Apoptosis array analysis
In order to study the signal transduction pathway of CS treated HCT116 cells, an apoptosis array was performed using a Ray-Bio Human Apoptosis Antibody Array G Series (RayBiotech, Norcross, GA, USA). HCT116 cells were plated in 24 well plates and treated with either CS (6 µM) or DMSO (0.1%, v/v) for 6, 12, 18, and 24 h. Cell lysate was collected using a cell lysis buffer the kit. The glass was incubated in a blocking buffer for 30 min. After removing the blocking buffer, the cell lysate was added and incubated overnight at 4 °C. After decanting the sample, the antibody array was washed and stained according to manufacturer protocol. The antibody array chip was scanned using a LI-COR imaging system (Lincoln, Nebraska, USA). The intensity of the array chip was quantified and analyzed with ImageStudio™ Lite software (LI-COR Biosciences, Lincoln, Nebraska, USA) [20].
Western blot analysis
Whole cell lysates were prepared from CS treated cells; cell monolayers were rinsed with cold PBS and then lysed with a cell lysis buffer with protease, phosphatase inhibitors, and EDTA cocktails (Pierce Thermo Fisher Scientific, Waltham, MA, USA). The cell suspensions were centrifuged at 14,000×g for 10 min at 4 °C and the protein concentration was determined using a BCA protein assay kit (Pierce Thermo Fisher Scientific, Waltham, MA, USA). An equal volume of total protein was mixed with the sample loading buffer and separated by 10–12% SDS-polyacrylamide gel and then transferred to a PVDF membrane for the western blot analysis. Immunoblotting was performed using primary antibodies (1:1000) against β-actin, Fas, caspase-8, caspase-3, caspase-9, cleaved PARP, FADD, p53, p21Waf1/Cip1, Bax, and Bcl-xL (Cell Signaling Technologies, Danvers, MA, USA). The membranes were incubated at 4 °C overnight on an orbital shaker and then washed with tris-buffered saline with Tween 20 (TBST) three times for 10 min each. After that, the membranes were incubated with goat anti-rabbit secondary antibody (1:1000) for 4 h at room temperature and developed using the WesternBright ECL kit (Advansta, CA, USA). Finally, the membranes were analyzed and quantified using a UVP Gel documentation system (UVP, CA, USA) [20].
ROS and superoxide assay
For the determination of intracellular ROS levels, the cells were grown in 96-well microplate and treated with CS (6 µM) or DMSO (0.1%, v/v) for 30 and 60 min. After incubation, the cells were stained with a ROS/Superoxide detection kit (Abcam, San Francisco, USA) for 60 min at 37 °C in a CO2 incubator. The fluorescence intensity of the cell was analyzed using a FACS Canto II flow cytometer (BD Bioscience, Franklin Lakes, NJ, USA) [20].
Statistical analysis
All data represent at least three independent experiments and expressed as means ± standard deviation (SD). For statistical analysis, a one-way analysis of variance (ANOVA) was used for the comparison of the differences among more than two groups via the GraphPad Prism software (version 5.0; GraphPad Software Inc., San Diego, CA, USA) [20].
Results
Inhibitory effects of CS on colon cancer cells
To evaluate the cytotoxicity of CS on HCT116, HT29, and CCD-112Con cells, a CellTiter 96®AQueous One solution cytotoxicity assay was performed. The results demonstrated no cytotoxicity on normal colon cells, CCD-112 Con (Table 1). However, CS was cytotoxic towards cancer cells in a time- and dose-dependent manner on HCT116 and HT29 cells. Therefore, our data suggests that CS is selective towards colon cancer cells, HCT116 and HT29. Since the IC50 values are the lowest in HCT116 cell lines, further studies were conducted using this cell line.

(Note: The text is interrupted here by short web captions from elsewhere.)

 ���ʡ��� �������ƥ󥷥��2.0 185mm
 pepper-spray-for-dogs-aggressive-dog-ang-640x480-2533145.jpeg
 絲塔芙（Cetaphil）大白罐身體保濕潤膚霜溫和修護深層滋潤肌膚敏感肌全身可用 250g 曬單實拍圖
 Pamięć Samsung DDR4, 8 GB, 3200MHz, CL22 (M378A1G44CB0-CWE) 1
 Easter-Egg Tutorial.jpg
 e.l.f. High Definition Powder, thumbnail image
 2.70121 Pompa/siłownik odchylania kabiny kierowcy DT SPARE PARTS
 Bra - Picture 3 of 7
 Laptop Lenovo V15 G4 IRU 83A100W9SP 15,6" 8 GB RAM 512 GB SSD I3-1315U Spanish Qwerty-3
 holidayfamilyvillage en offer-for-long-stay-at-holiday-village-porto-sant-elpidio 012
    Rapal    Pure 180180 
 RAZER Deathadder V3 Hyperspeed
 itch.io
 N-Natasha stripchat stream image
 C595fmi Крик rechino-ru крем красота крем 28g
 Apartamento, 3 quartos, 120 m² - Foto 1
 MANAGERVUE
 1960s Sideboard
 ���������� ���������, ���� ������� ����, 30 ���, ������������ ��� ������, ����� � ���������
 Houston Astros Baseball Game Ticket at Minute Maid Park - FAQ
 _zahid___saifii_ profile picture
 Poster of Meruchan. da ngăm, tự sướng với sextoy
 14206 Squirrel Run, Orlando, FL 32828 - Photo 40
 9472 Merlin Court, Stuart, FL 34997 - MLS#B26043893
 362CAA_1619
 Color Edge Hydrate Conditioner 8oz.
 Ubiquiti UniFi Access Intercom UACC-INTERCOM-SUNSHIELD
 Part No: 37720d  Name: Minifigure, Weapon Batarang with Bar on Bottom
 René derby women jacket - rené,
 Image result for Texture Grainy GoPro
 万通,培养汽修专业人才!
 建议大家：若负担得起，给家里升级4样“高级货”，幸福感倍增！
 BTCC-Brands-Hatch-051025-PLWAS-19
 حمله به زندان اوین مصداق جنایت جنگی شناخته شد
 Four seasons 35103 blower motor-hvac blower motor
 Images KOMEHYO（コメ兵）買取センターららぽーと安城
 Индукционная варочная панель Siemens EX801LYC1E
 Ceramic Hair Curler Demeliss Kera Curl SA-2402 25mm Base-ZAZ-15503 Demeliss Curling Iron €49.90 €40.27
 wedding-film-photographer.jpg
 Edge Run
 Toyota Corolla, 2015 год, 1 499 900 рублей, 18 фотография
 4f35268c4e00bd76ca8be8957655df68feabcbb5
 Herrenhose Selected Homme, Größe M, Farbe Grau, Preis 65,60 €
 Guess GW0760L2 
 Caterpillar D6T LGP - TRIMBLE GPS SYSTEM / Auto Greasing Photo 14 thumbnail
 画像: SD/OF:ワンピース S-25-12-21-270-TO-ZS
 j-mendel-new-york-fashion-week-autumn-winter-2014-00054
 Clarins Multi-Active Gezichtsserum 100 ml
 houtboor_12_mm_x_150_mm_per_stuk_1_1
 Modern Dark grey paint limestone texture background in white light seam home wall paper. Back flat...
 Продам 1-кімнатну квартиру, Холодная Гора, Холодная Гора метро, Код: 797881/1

Apoptosis by CS in HCT116 colon cancer cells
To determine whether or not CS induces cell death via apoptosis or necrosis in HCT116 colon cancer cells, annexin-V-FITC and propidium iodide (PI) dual labeling was performed on CS treated cells at 3, 6, and 12 µM for 24 h. The results show a gradual increase in early apoptotic cells (annexin V positive only) from 15.77 ± 4.34 to 16.27 ± 1.00 and 17.43 ± 3.23%, respectively (Fig. 2).This trend is also observed in late apoptotic cells (annexin V and PI positive), where both increased from 21.93 ± 1.66 to 33.07 ± 4.15% and 37.30 ± 4.25% compared to the negative control (cells treated with 0.1% v/v DMSO). The percentage of necrotic cells (annexin V negative and PI positive) was minimal (~ 4%) throughout the treatment concentrations. Hence, the results show that CS inhibited HCT116 cell growth by inducing apoptosis.
CS halts G2/M cell cycle arrest
Cell cycle regulation is an important factor in the development of cancer. Furthermore, disruption of the cell cycle may lead to the formation of cancer cells. Thus, the cell cycle machinery is the main objective in limiting cancer progression and development [35]. Therefore, to determine the effect of CS on cell cycle, treated cells were labeled with PI in order to measure the cell DNA content in relation to the phases of the cell cycle using a flow cytometry analysis. CS treated cells were significantly reduced in the G0/G1 phase, with accumulation of cells in the G2/M phase after 24 and 48 h post-treatment (close to 80% of cells in G2/M), suggesting that CS causes cellular arrest in the G2/M phase [7] (Fig. 3).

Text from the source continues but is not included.